Lampu mengambil labu giok dari meja, mengangkatnya dengan tali merah dan mengamati dengan seksama.

Sejujurnya, sejak mendapatkan kipas dan labu giok semalam, ia belum sempat benar-benar menikmati keduanya.

Kemal memandang Pak Huang dengan agak canggung.

Pak Huang tersenyum, “Itu urusanmu sendiri, jangan lihat aku.”

Kemal tertawa kaku, lalu menoleh pada Tang, “Saudara Tang, terus terang, saya memang berdagang batu permata dan giok, sekarang punya dua toko di Kota Pelabuhan. Waktu ke Kota Emas dulu, sebenarnya saya survei pasar, berencana buka cabang di sini. Tak disangka setelah bertemu Saudara Tang, kali ini bertemu barang berharga seperti ini. Jujur saja, saya sangat tertarik pada gantungan labu giokmu, tak tahu apakah kau rela berpisah dengan barang itu, soal harga bisa dibicarakan, saya jamin kau puas.”

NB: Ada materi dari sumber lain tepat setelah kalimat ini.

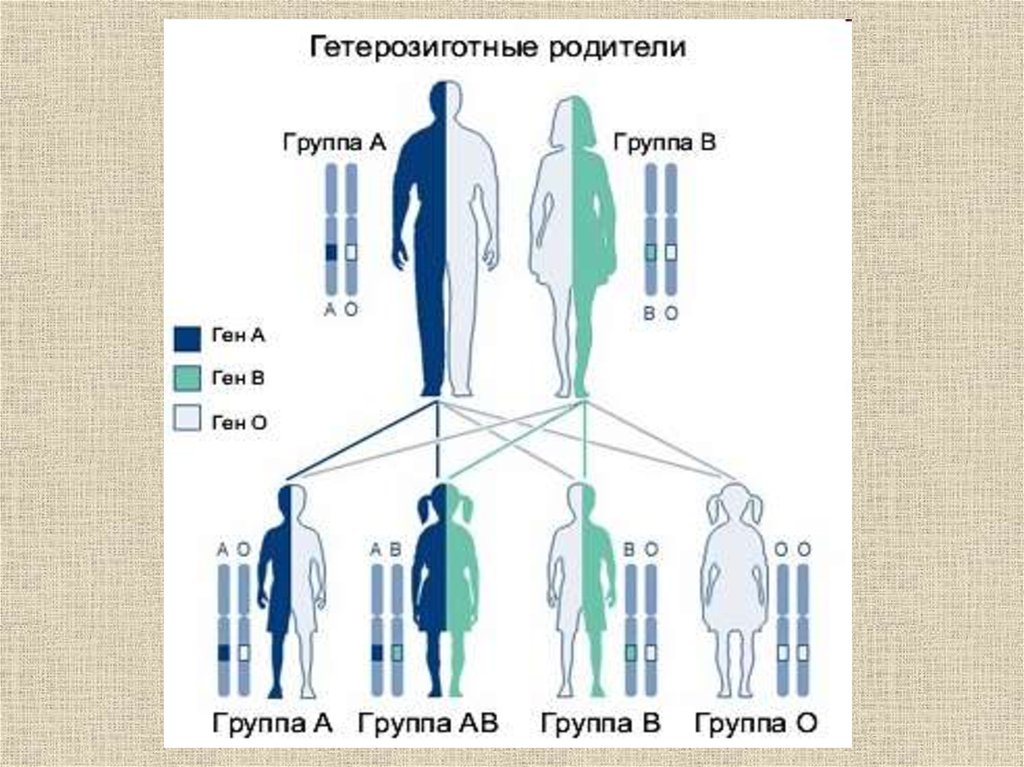 Определите гетерозиготный. Гетерозиготные родители. Гетерозиготный отец. Гетерозиготный организм это. Гомозиготные и гетерозиготные организмы это.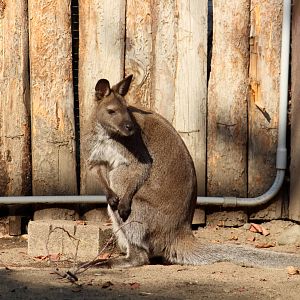 Bennett's Wallaby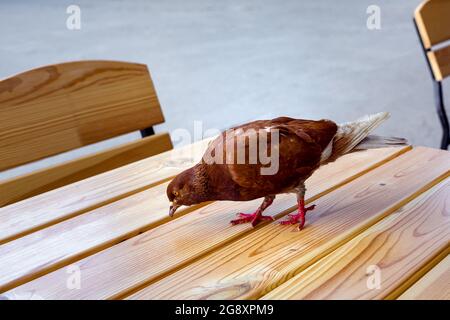 un pigeon brun marche avec ses pattes sur une table en bois faite de planches sur la terrasse d'un café de la ville et recherche la nourriture, un animal de plumes sur le f rapide Banque D'Images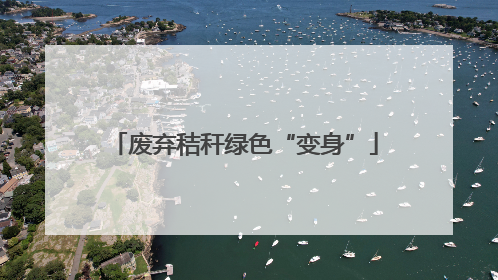 废弃秸秆绿色“变身”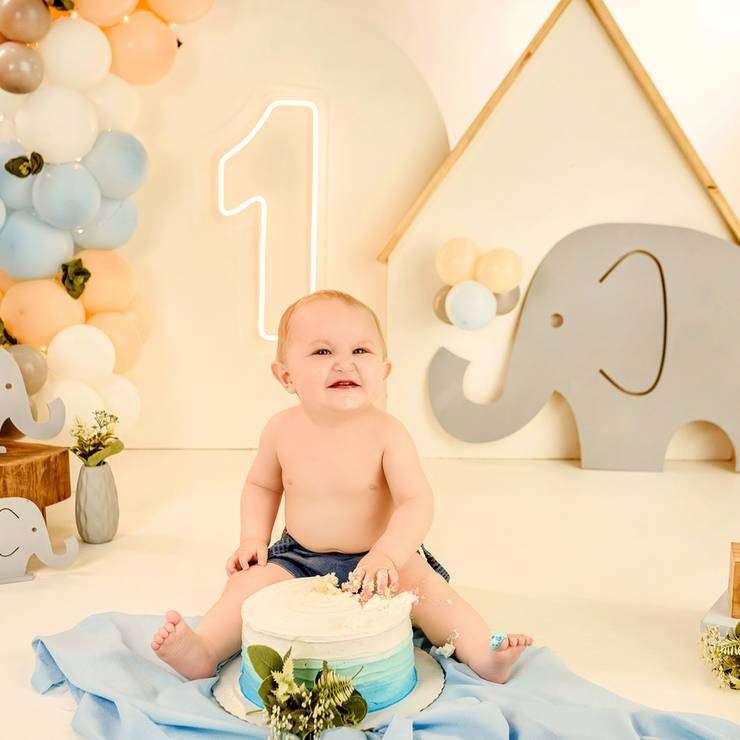 Smash the cake de Vicente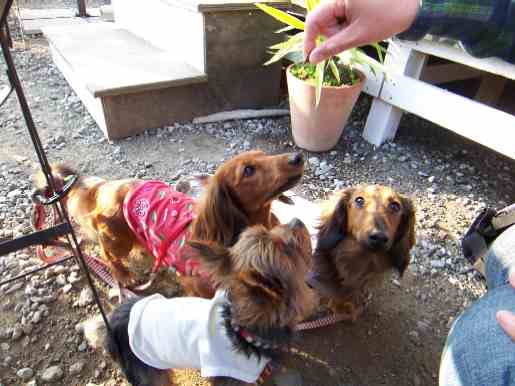 ニコタマのカフェと花火_f0085404_734593.jpg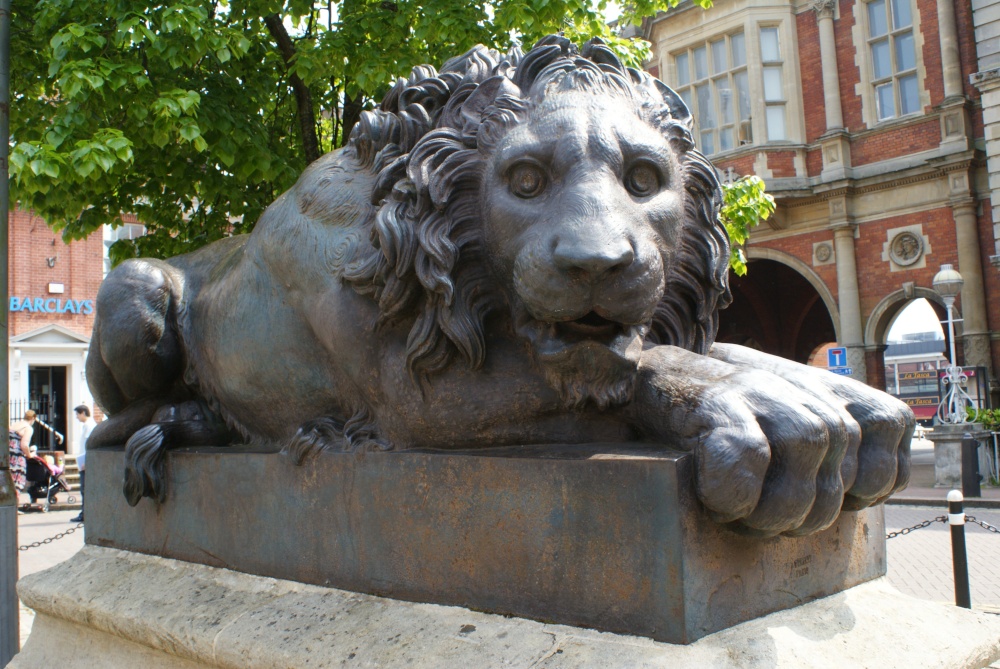 Photograph of One of our lions.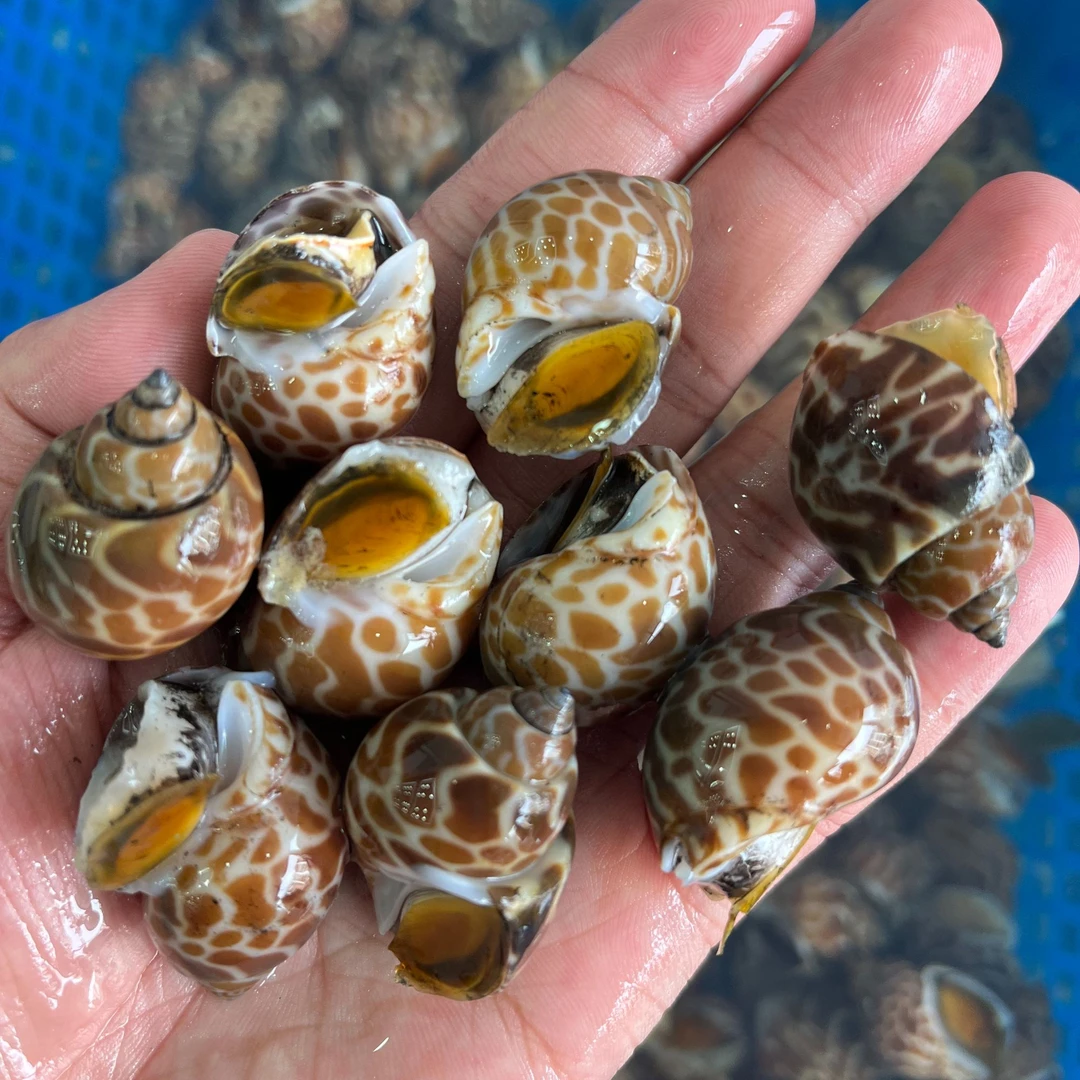 【长春同城】气冻花螺到手3斤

Tang sudah menduga Kemal terkait industri giok, apalagi melihat alat-alat profesionalnya tadi. Kini ternyata ia bos besar toko permata.

Kemal memang orang jujur, saat belum tahu hubungan Lampu, harga labu giok yang ia sebut sudah di luar dugaan Tang. Tentu, mungkin ada pengaruh Pak Zhou yang duduk di samping, tapi jika orang lain, mungkin hanya menyebut nilai labu itu sendiri, sekitar tiga ratus dua puluh juta, bukan lima ratus juta lebih seperti yang Kemal tawarkan. Dari sini saja Tang menilai Kemal sebagai pria luhur, tak mungkin menipu.

Namun setelah Kemal menyatakan minatnya, Tang jadi bingung.

Labu giok dan kipas adalah barang yang ia beli, tapi tanpa Lampu, mungkin tidak akan jatuh ke tangannya. Di hatinya, barang ini seharusnya milik Lampu.

Tapi Lampu menolak dengan tegas.

Ini membuat Tang pusing, ia tahu Lampu tak akan menerima labu giok, juga tak akan menerima keuntungan dari penjualannya.

Tang ingin keputusan akhir labu giok ditentukan oleh Lampu sendiri, tapi ia juga tahu sekarang bukan waktu yang tepat untuk mengatakannya.

Sepertinya hanya ada satu jalan keluar.

Yaitu kedua orang menjadi satu.

Sudahlah, lupakan dulu urusan rumit ini.

Tang melirik Lampu, melihatnya tetap tenang, ia tersenyum pahit dan berkata pada Kemal, “Bang Kemal, soal labu giok ini, saya belum tahu bagaimana akan mengaturnya. Begini saja, saya janji, jika suatu saat kami memutuskan menjual labu giok ini, orang pertama yang saya hubungi pasti kamu.”

Jawaban Tang membuat Kemal merasa kecewa sekaligus puas, ia tersenyum dan mengangguk, “Baik, kita sepakat begitu.”

Saat itu, Pak Zhou menatap Lampu dengan makna mendalam. Mungkin orang lain tak menyadari kata-kata Tang tadi, tapi Pak Zhou yang sudah lama mendidik orang, langsung menangkapnya.

Tang tidak menyebut ‘saya’, tetapi ‘kami’.

Wajah Lampu langsung memerah, ia pun sadar makna kata-kata Tang, hampir saja ia menginjak kaki Tang dengan keras.

Pak Zhou tertawa terbahak-bahak, lalu berdiri, “Hari ini kita mendapat tiga kebahagiaan sekaligus, patut dirayakan dengan minum bersama. Kemal, cari hotel, kita istirahat dan biarkan si gadis dan pemuda ini menemani minum dengan baik.”